Absolutely incredible..and people think that this can be combatted? Not a chance it is rooted too deep and far too gone to fix because it isn't just Mexico we are talking about.

Mexican soldiers have detained 32 alleged members of the Zetas drug gang, including 18 municipal police officers, in the eastern state of Veracruz, security officials said Tuesday.

Nine inmates who recently escaped from jail were also detained in the four-day operation that ended Monday and uncovered a Zetas training camp in the town of Nogales, according to a statement from the Navy.
 
It's worldwide. Police are the enemy of the people.
"All men were created equal"___until someone handed one a badge.
 
money corrupts..what makes this an eye opener is how absolutely unstoppable the situation is..the drug war is long lost...the ATF helped that along the way.
 
Zetas killers strike again...
:cool:
Mexican navy finds 32 bodies in Veracruz
7 October 2011 - Mexico has deployed extra security to Veracruz state to combat an upsurge in drug-related violence
Thirty-two bodies have been found in several locations in Mexico's eastern port city of Veracruz, the navy says. The discovery comes two weeks after 35 bodies were dumped in broad daylight on a busy road on the city outskirts. The Mexican government has announced the deployment of extra security forces in the state, as gangs wage an escalating war over drug trafficking.

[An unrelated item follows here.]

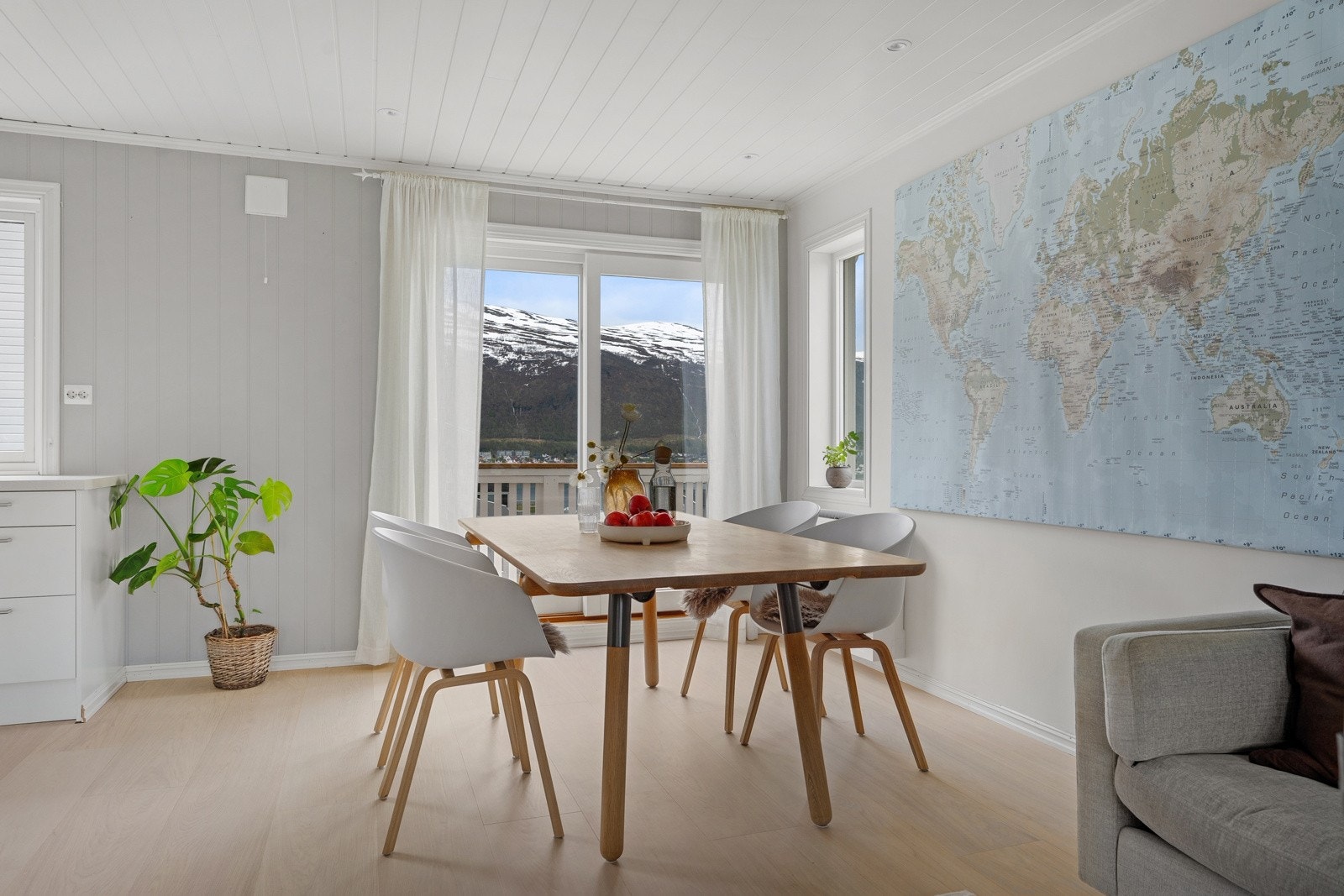Her er det god plass til langbord, hvor man kan samles til middager med venner og familie. Galleribilde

Some 40,000 people are estimated to have been killed since the army was sent in to combat drug gangs in 2006. A statement from the navy said the 32 bodies were found in three houses in Veracruz as the military carried out its new Safe Veracruz campaign against the drug cartels.

Twenty of the bodies were in one house in a residential neighbourhood, the navy said. A group calling itself the Zeta Killers has said it had killed the 35 people whose bodies were left in two lorries at an underpass on a busy road in Boca del Rio in Veracruz state.

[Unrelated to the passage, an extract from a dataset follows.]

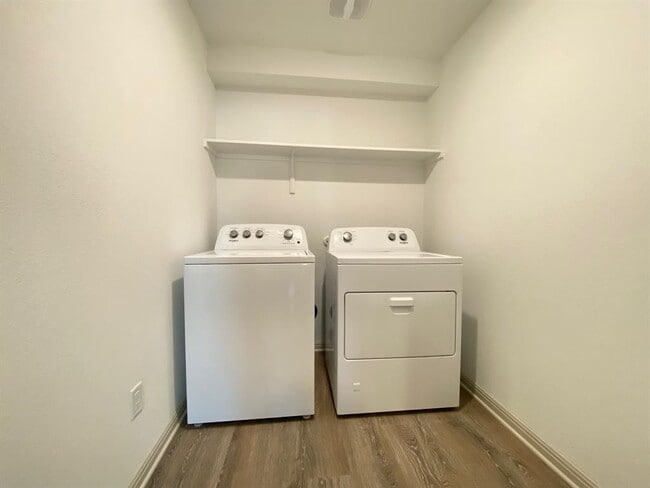 Building Photo - 202 Sweetwater Crk Ln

The group said it was targeting one of Mexico's most notorious drug cartels, which has been locked in an escalating war with the Gulf cartel. Police have said that most of the dead found in Boca del Rio on 20 September had criminal records. Earlier this week, officials said 18 police officers had been arrested on suspicion of working with the Zetas.

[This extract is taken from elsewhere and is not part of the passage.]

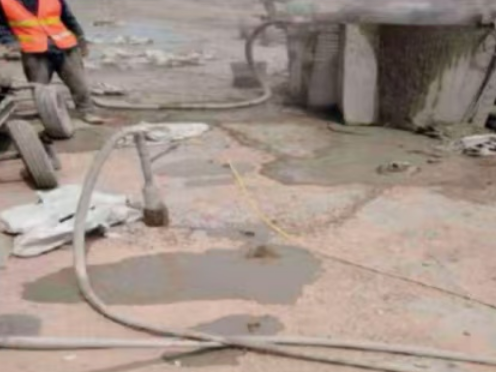 元门乡水泥混凝土路面板底注浆技术 路面脱空注浆整治方案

BBC News - Mexican navy finds 32 bodies in Veracruz

See also:

Mexico arrests senior Sinaloa drugs cartel suspect
5 October 2011 - Police say Noel Salgueiro Nevarez was taken in a carefully planned operation
Mexican forces have arrested a man they say is a key figure in the country's most powerful drugs cartel. Noel Salgueiro Nevarez is accused of running the Sinaloa cartel's operations in the northern state of Chihuahua, where drug violence is rampant. Defence officials said his arrest would seriously weaken the cartel in Mexico and abroad. The arrest was made on the same day as that of Martin Rosales Magana, who is accused of leading the La Familia gang.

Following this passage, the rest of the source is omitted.